RECORDS FOR PROCESSING Block Start

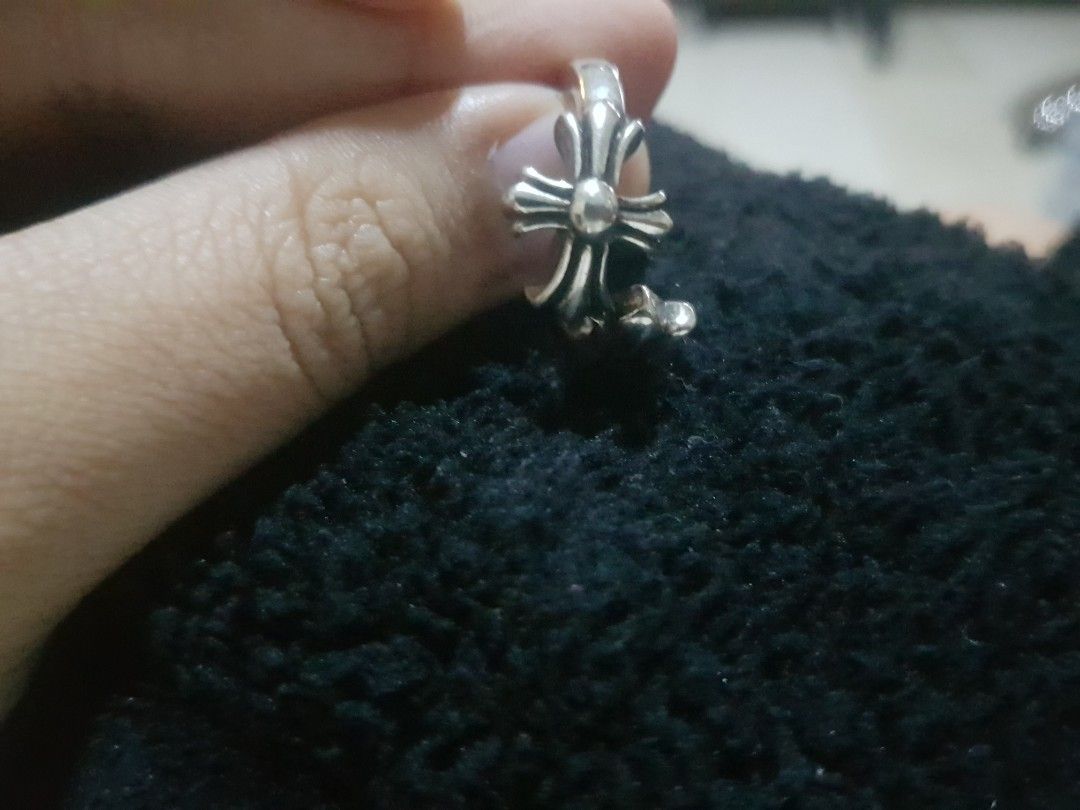 Chrome Hearts ring check details first (Category: Jewelry) located in Manila. Submitted by shakol. (Listing ID 1452616449, Image 2). Description: chrome hearts ring Antipolo loc not sure if real silver nor real chrome hearts off/legit size:9 or 10 no issue PM ME FOR PROOF OF TRANSACTION good condi bought it in vietnam.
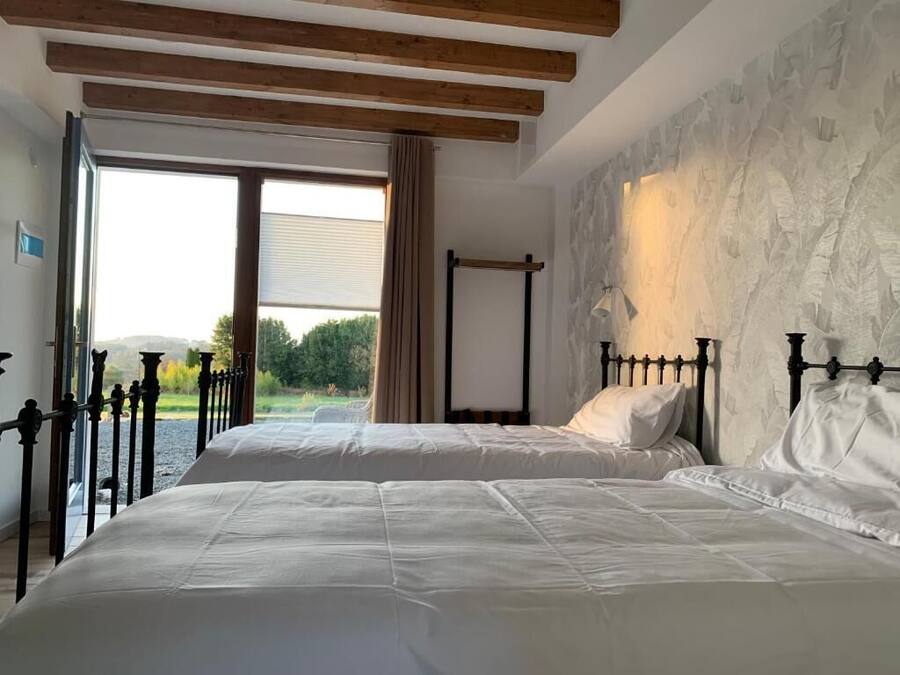 Ein Schlafzimmer mit zwei Betten, einer Steinwand, einem Fenster mit Vorhängen und einem Holzbalken an der Decke.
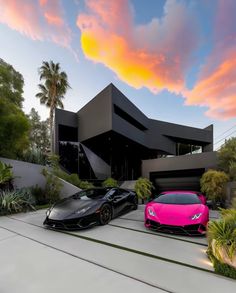 two pink and black lambs parked in front of a large modern house with palm trees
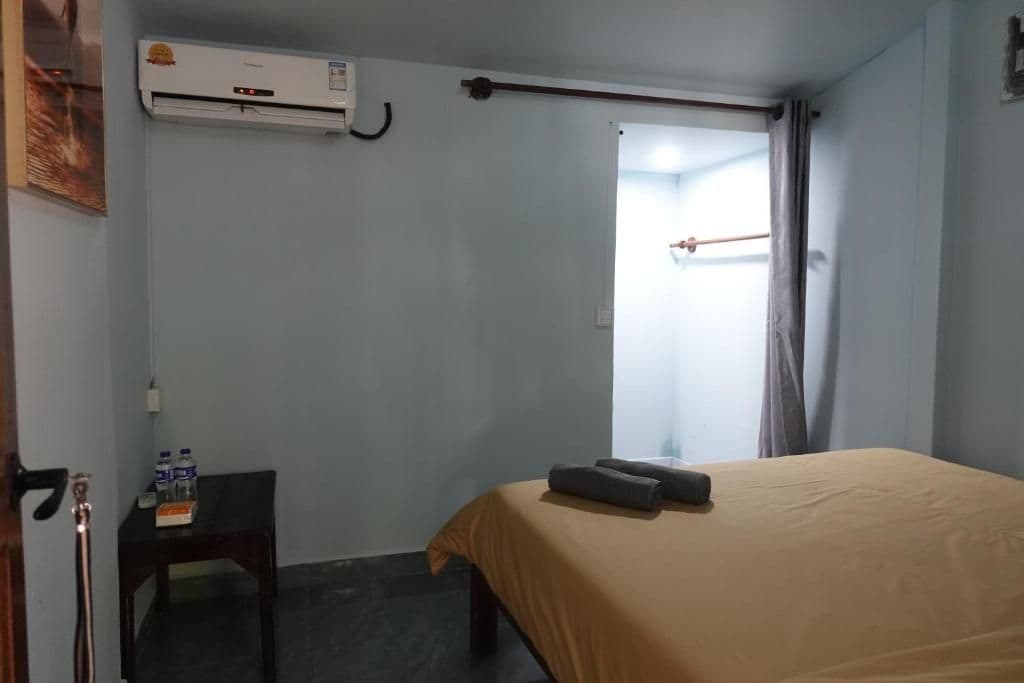 A hotel room with a bed, an air conditioning unit, a small table with bottled water, and a door leading to another room.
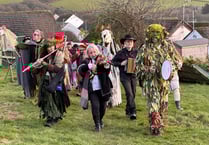 Traditional wassail takes place in orchard looking over coast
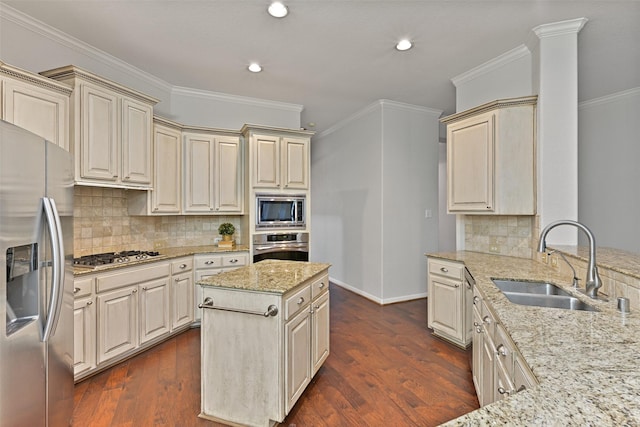 kitchen featuring a sink, appliances with stainless steel finishes, cream cabinets, and dark wood-style floors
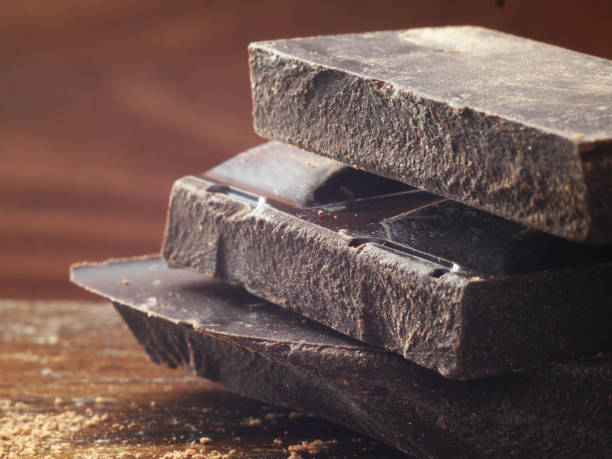 istock Black chocolate close-up, macro photo. 938146446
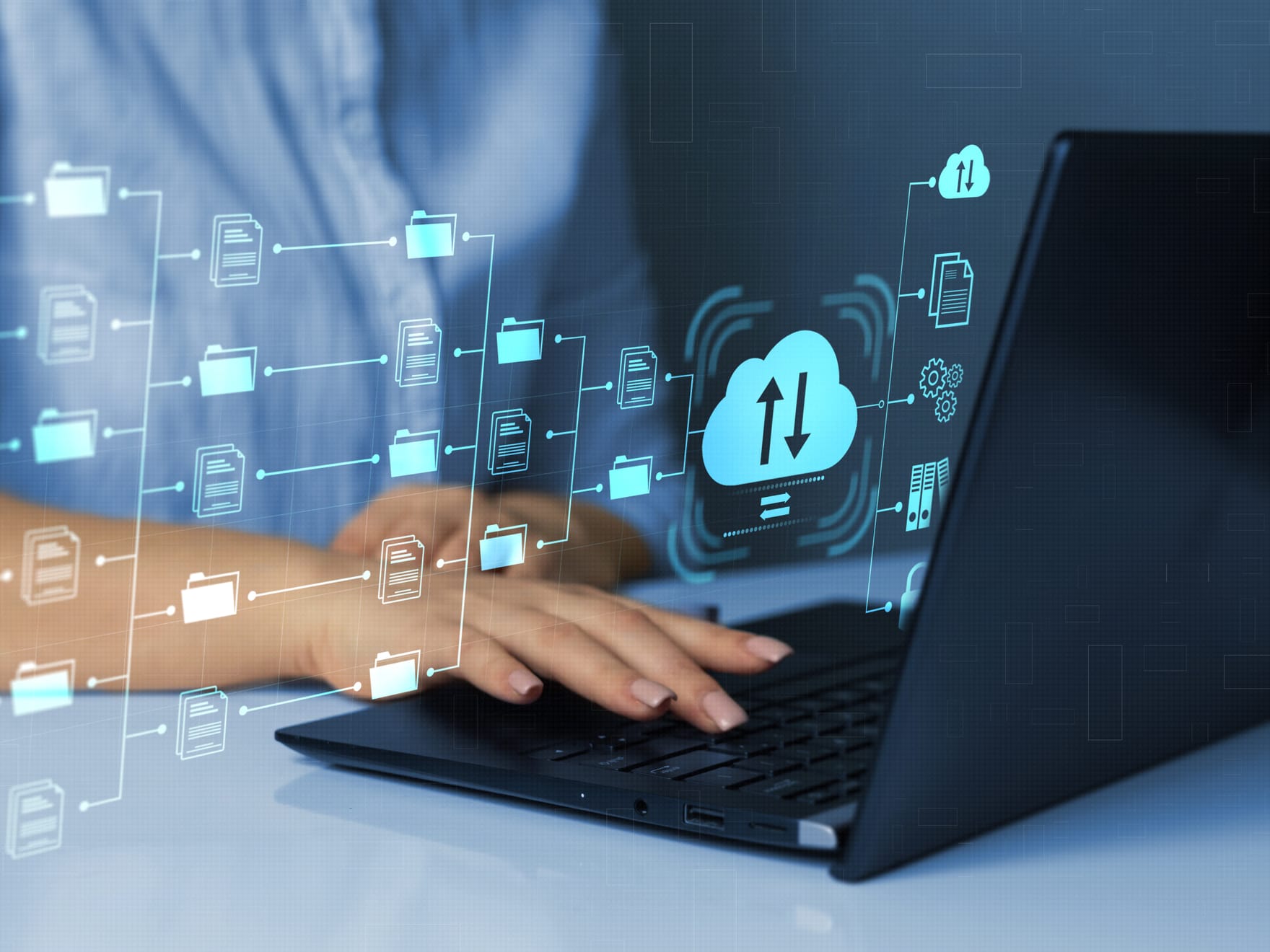 A female is working on a laptop and the image is overlayed with a digital network of files.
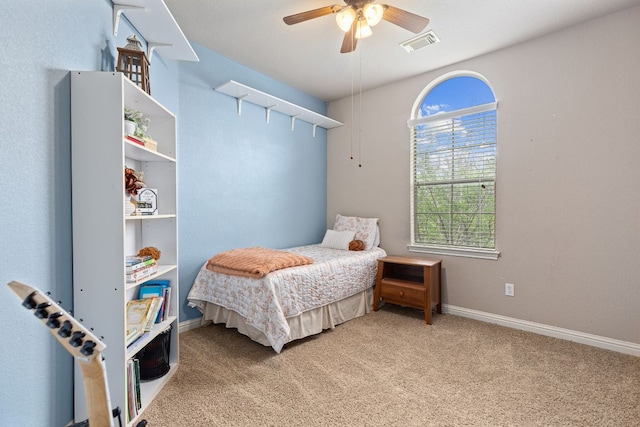 carpeted bedroom with baseboards, ceiling fan, and visible vents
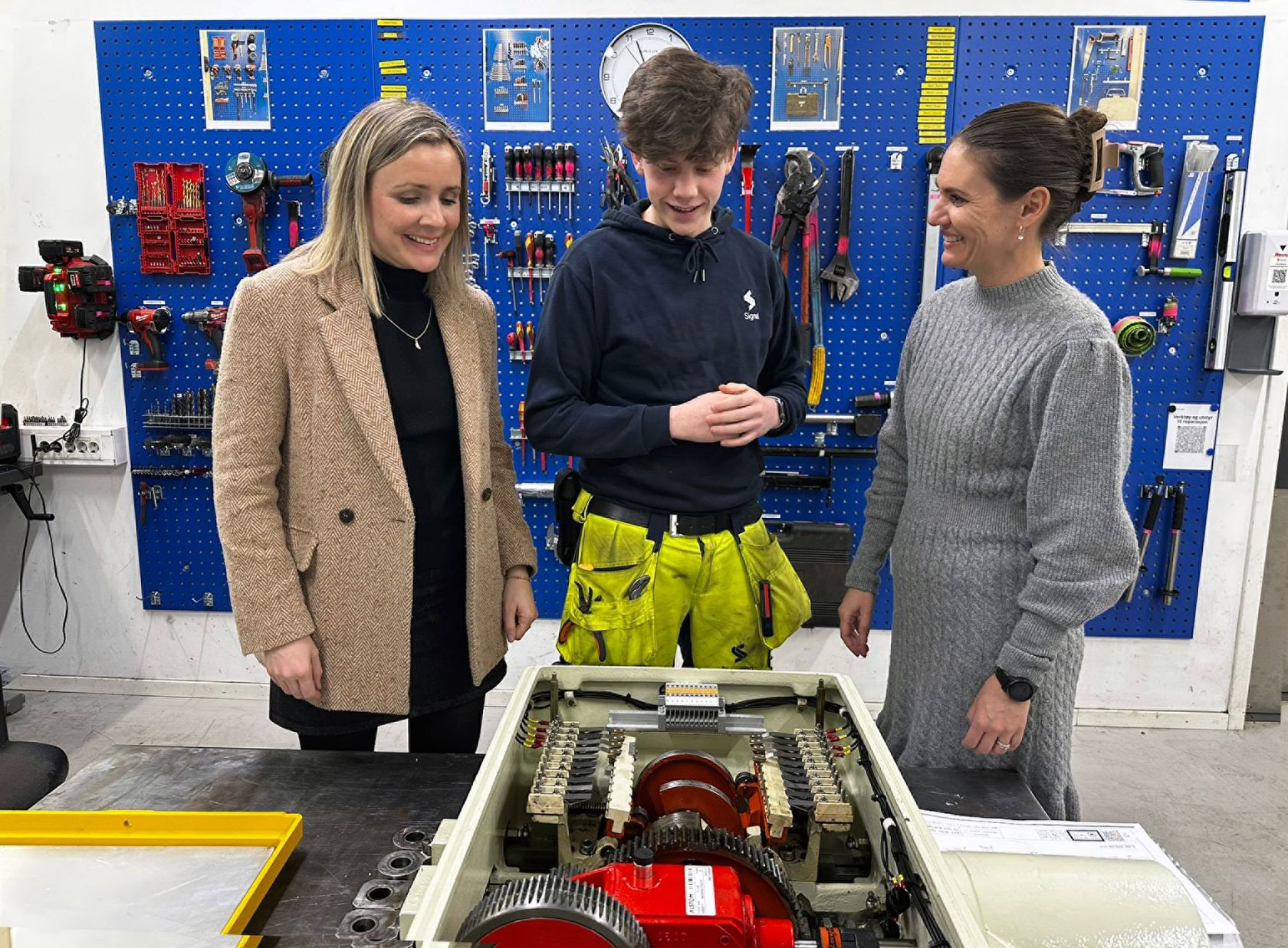 Sporveiens signalmontørlærling, Herman Osvold Askheim forklarer  byråd for miljø og samferdsel Marit Vea (V) og byråd for utdanning Julie Remen Midtgarden (H) om signalsystemet og demonstrerte hvordan en drivmaskin fungerer mekanisk.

RECORDS FOR PROCESSING Block End

(YOUR INSTRUCTIONS) Give back each entry exactly as it appears. Leave pictures out.

(RESULT OF THIS TASK)
 Chrome Hearts ring check details first (Category: Jewelry) located in Manila. Submitted by shakol. (Listing ID 1452616449, Image 2). Description: chrome hearts ring Antipolo loc not sure if real silver nor real chrome hearts off/legit size:9 or 10 no issue PM ME FOR PROOF OF TRANSACTION good condi bought it in vietnam.
 Ein Schlafzimmer mit zwei Betten, einer Steinwand, einem Fenster mit Vorhängen und einem Holzbalken an der Decke.
 two pink and black lambs parked in front of a large modern house with palm trees
 A hotel room with a bed, an air conditioning unit, a small table with bottled water, and a door leading to another room.
 Traditional wassail takes place in orchard looking over coast
 kitchen featuring a sink, appliances with stainless steel finishes, cream cabinets, and dark wood-style floors
 istock Black chocolate close-up, macro photo. 938146446
 A female is working on a laptop and the image is overlayed with a digital network of files.
 carpeted bedroom with baseboards, ceiling fan, and visible vents
 Sporveiens signalmontørlærling, Herman Osvold Askheim forklarer  byråd for miljø og samferdsel Marit Vea (V) og byråd for utdanning Julie Remen Midtgarden (H) om signalsystemet og demonstrerte hvordan en drivmaskin fungerer mekanisk.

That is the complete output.